Directions → Every entry below is to be retyped exactly as it appears.

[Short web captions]
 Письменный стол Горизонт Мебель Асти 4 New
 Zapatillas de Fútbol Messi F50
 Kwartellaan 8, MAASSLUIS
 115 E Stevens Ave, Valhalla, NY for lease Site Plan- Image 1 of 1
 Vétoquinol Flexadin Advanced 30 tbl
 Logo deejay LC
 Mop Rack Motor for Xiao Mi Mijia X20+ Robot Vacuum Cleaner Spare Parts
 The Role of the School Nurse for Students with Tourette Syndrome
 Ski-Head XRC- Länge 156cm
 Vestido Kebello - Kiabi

Task answer →
 Письменный стол Горизонт Мебель Асти 4 New
 Zapatillas de Fútbol Messi F50
 Kwartellaan 8, MAASSLUIS
 115 E Stevens Ave, Valhalla, NY for lease Site Plan- Image 1 of 1
 Vétoquinol Flexadin Advanced 30 tbl
 Logo deejay LC
 Mop Rack Motor for Xiao Mi Mijia X20+ Robot Vacuum Cleaner Spare Parts
 The Role of the School Nurse for Students with Tourette Syndrome
 Ski-Head XRC- Länge 156cm
 Vestido Kebello - Kiabi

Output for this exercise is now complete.